From the stunning Alcazar of Seville to the Great mosque of Cordoba, exquisite islamic architecture is to be found all across Andalusia, but Alhambra is definitely the cherry on top. It’s a palace and fortress constructed by the kings of Granada under the theme of ‘Paradise on earth’. The meaning of the Arabic word Alhambra (the red lady) is an allusion to the colors of the buildings and wood around it.
Alhambra is a triumph of mathematics and aesthetics and a dazzling show of ornamentation. The technology used in it’s construction was remarkable at it’s time. It’s a mysterious place full of secrets and legends in every corner and although you might not know the genius mathematics behind it you can definitely sense the proportion and balance in every room. We had quite a few jaw dropping moments while wandering around the palaces.
If you ever find your way to Spain I highly recommend heading south to Andalusia. While Madrid is the heaven for museum lovers and Barcelona Gaudi’s treasure land, Andalusia is like no other place in Europe. It’s truly is the ornament of Europe and puts any other sort of architectural embellishment to shame.
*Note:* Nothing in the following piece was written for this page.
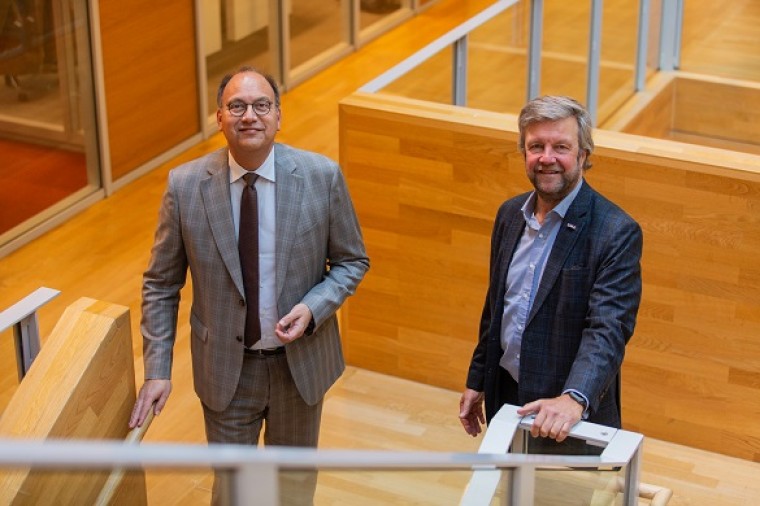 Ambassadeurs voor de Wet Open Overheid (Woo)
Due to the excessive amount of daily visitors it’s highly recommended to reserve your tickets before you get there. A normal entry for adults costs 14€ which is an absolute bargain for such a huge and outstanding landmark. You’re likely to spend a good 4 hours there so pack yourself some snacks and refreshments before you head off.
We didn’t get much time to visit Granada itself but by only visiting Alhambra I was totally blown away and would be back in a heartbeat.